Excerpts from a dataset

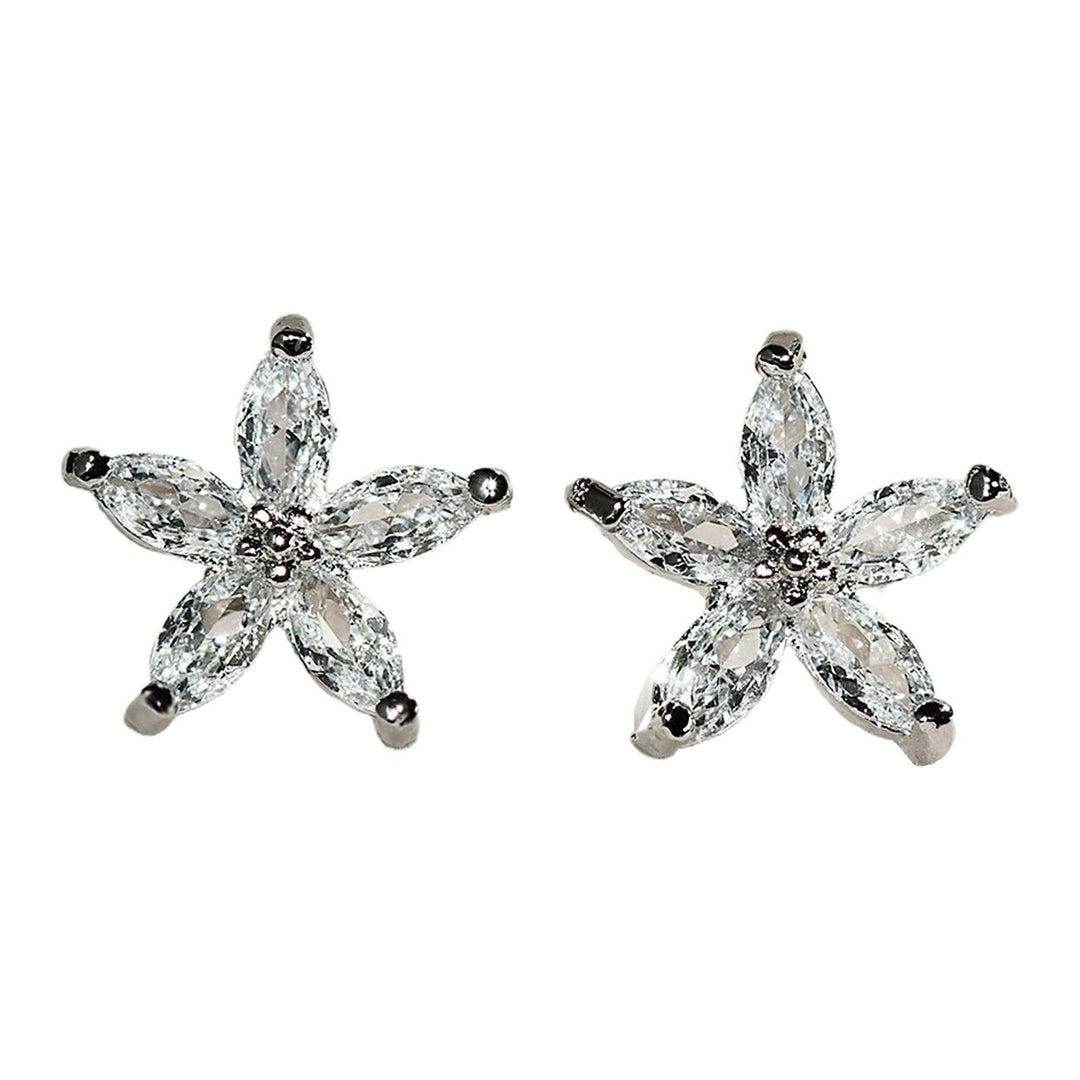 1 Pair Stud Earrings Flower Shape Colored Rhinestones Jewelry Korean Style Sparkling Ear Studs for Daily Wear Image 1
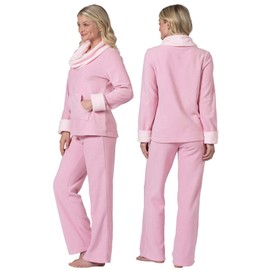 PajamaGram Women's Pajamas Super Soft - Fleece Pajamas Women, Pink, M, 8-10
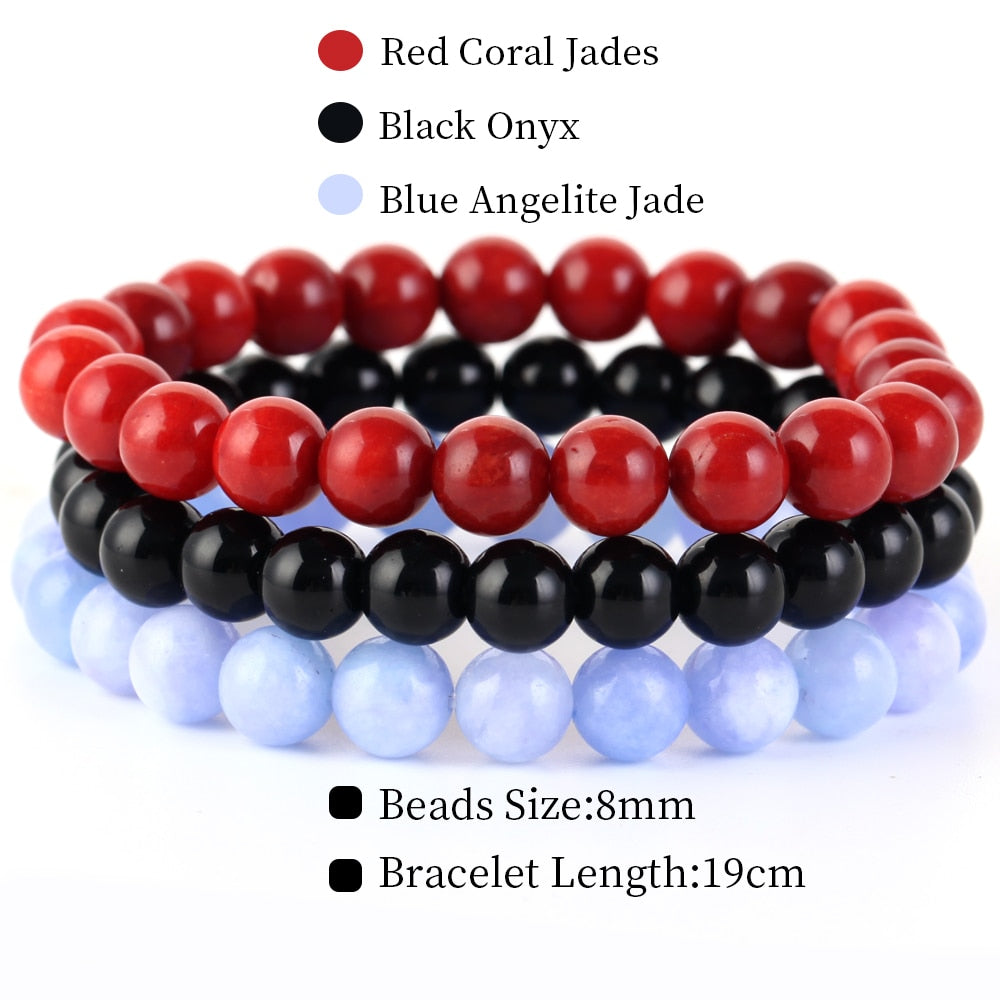 8mm 3Pcs/Set Natural Seven Chakra Stone Beads BraceletSet No.148mm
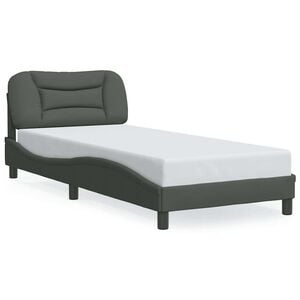 vidaXL Estrutura de cama sem colch&atilde;o Hvar 80x200 cm tecido cinzento-escuro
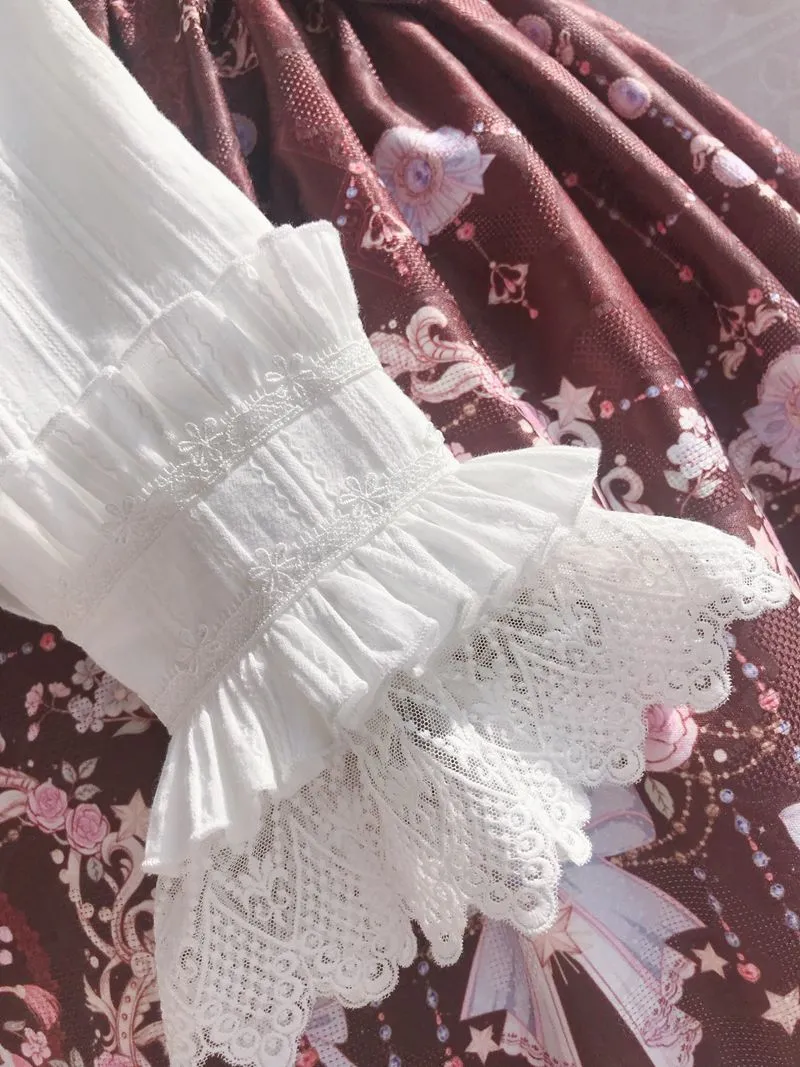 Peter Pan Collar Ruffle & Lace Long Sleeve Blouse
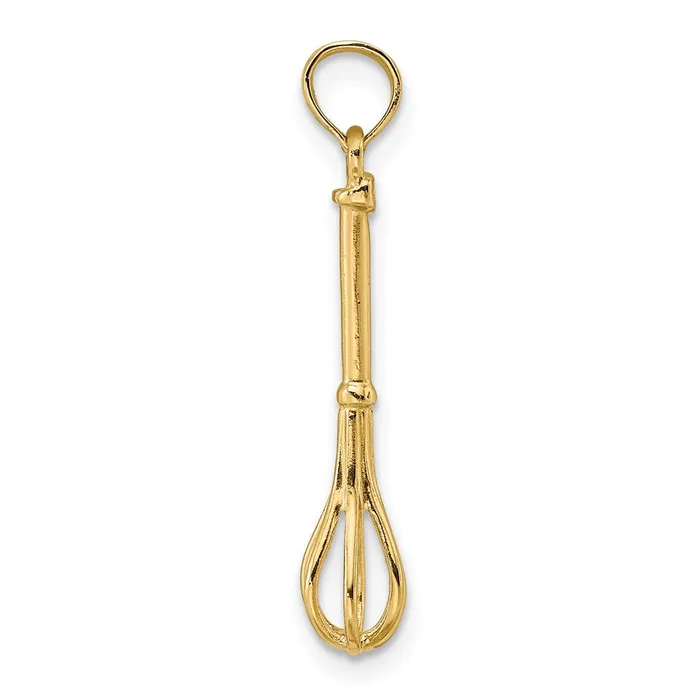 Charm Necklaces 14k Yellow Gold 46 mm 3D Polished Whisk Charm 077 grams Qgold Charm Necklaces 14k Yellow Gold 46 mm 3D Polished Whisk Charm 077 grams Qgold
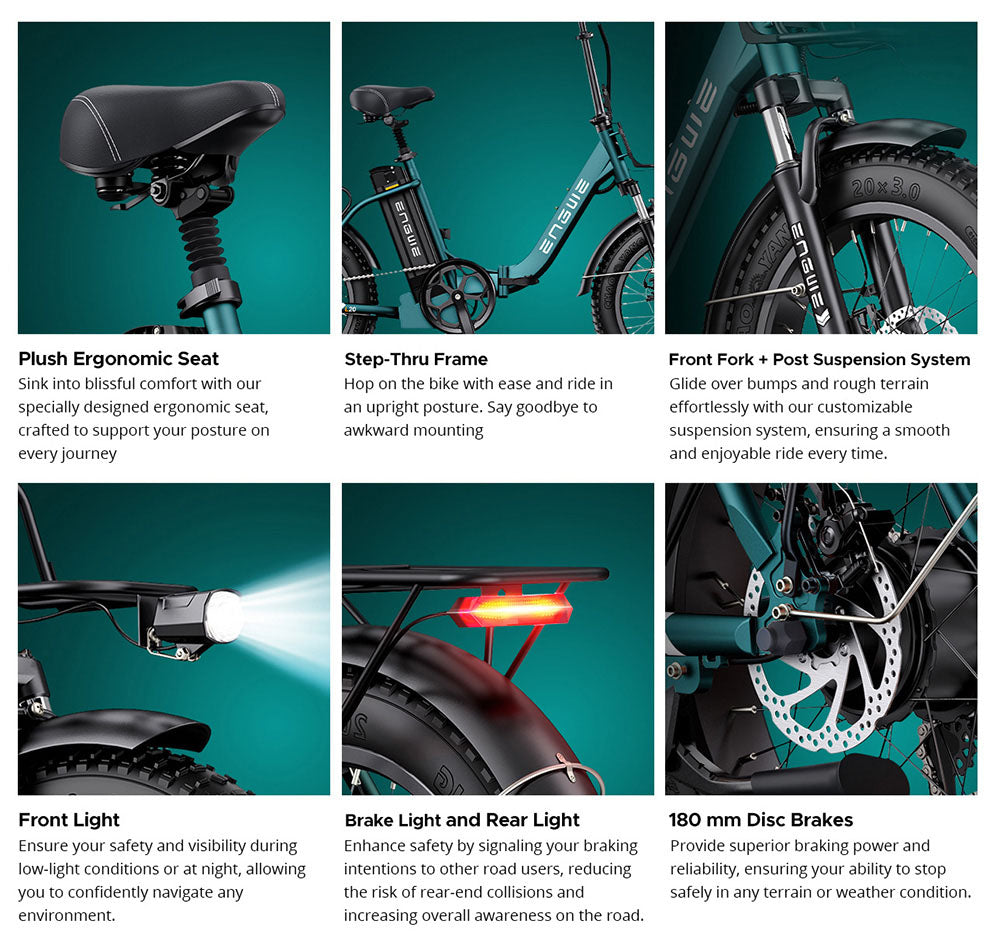 Elektrokolo ENGWE L20 2.0, pneumatiky 20*3,0 palce, motor v náboji 750 W, baterie 52 V 13 Ah, maximální rychlost 45 km/h, dojezd 135 km, mechanická kotoučová brzda, řazení Shimano 7 rychlostí - zelené
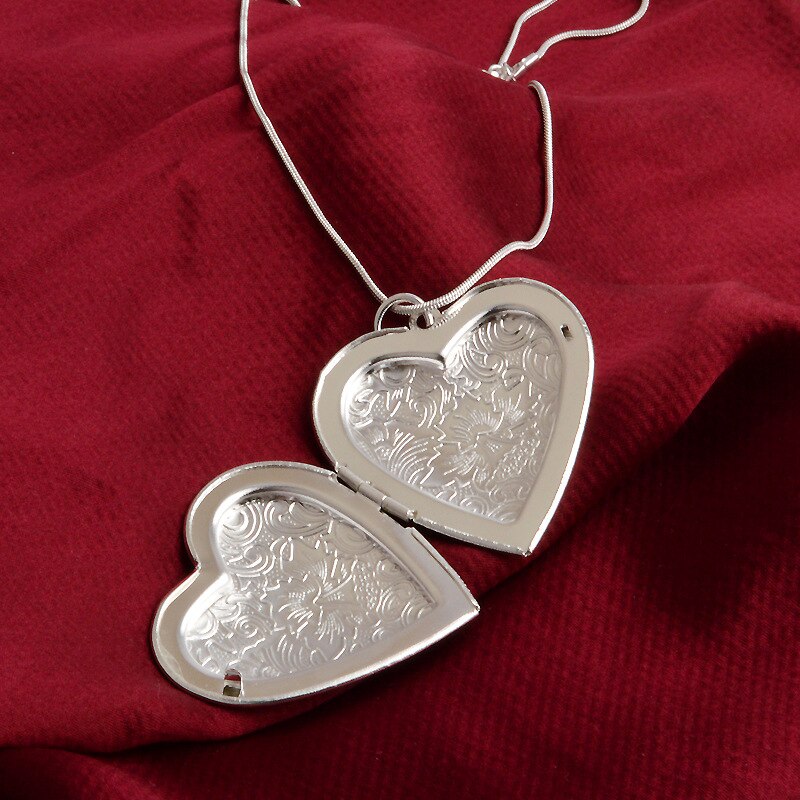 925 Sterling Silver Necklace Heart Frame Pendant Necklace Can Be Loaded With Photo DIY Jewelry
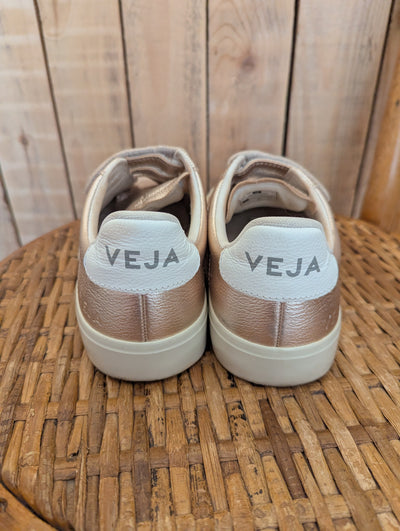Veja Gold Velcro Trainers Size 5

§ **PROBLEM STATEMENT**:
Every line above should be transcribed word for word; leave the pictures out.

§ **SOLUTION TO THIS TASK**:
 1 Pair Stud Earrings Flower Shape Colored Rhinestones Jewelry Korean Style Sparkling Ear Studs for Daily Wear Image 1
 PajamaGram Women's Pajamas Super Soft - Fleece Pajamas Women, Pink, M, 8-10
 8mm 3Pcs/Set Natural Seven Chakra Stone Beads BraceletSet No.148mm
 vidaXL Estrutura de cama sem colch&atilde;o Hvar 80x200 cm tecido cinzento-escuro
 Peter Pan Collar Ruffle & Lace Long Sleeve Blouse
 Charm Necklaces 14k Yellow Gold 46 mm 3D Polished Whisk Charm 077 grams Qgold Charm Necklaces 14k Yellow Gold 46 mm 3D Polished Whisk Charm 077 grams Qgold
 Elektrokolo ENGWE L20 2.0, pneumatiky 20*3,0 palce, motor v náboji 750 W, baterie 52 V 13 Ah, maximální rychlost 45 km/h, dojezd 135 km, mechanická kotoučová brzda, řazení Shimano 7 rychlostí - zelené
 925 Sterling Silver Necklace Heart Frame Pendant Necklace Can Be Loaded With Photo DIY Jewelry
Veja Gold Velcro Trainers Size 5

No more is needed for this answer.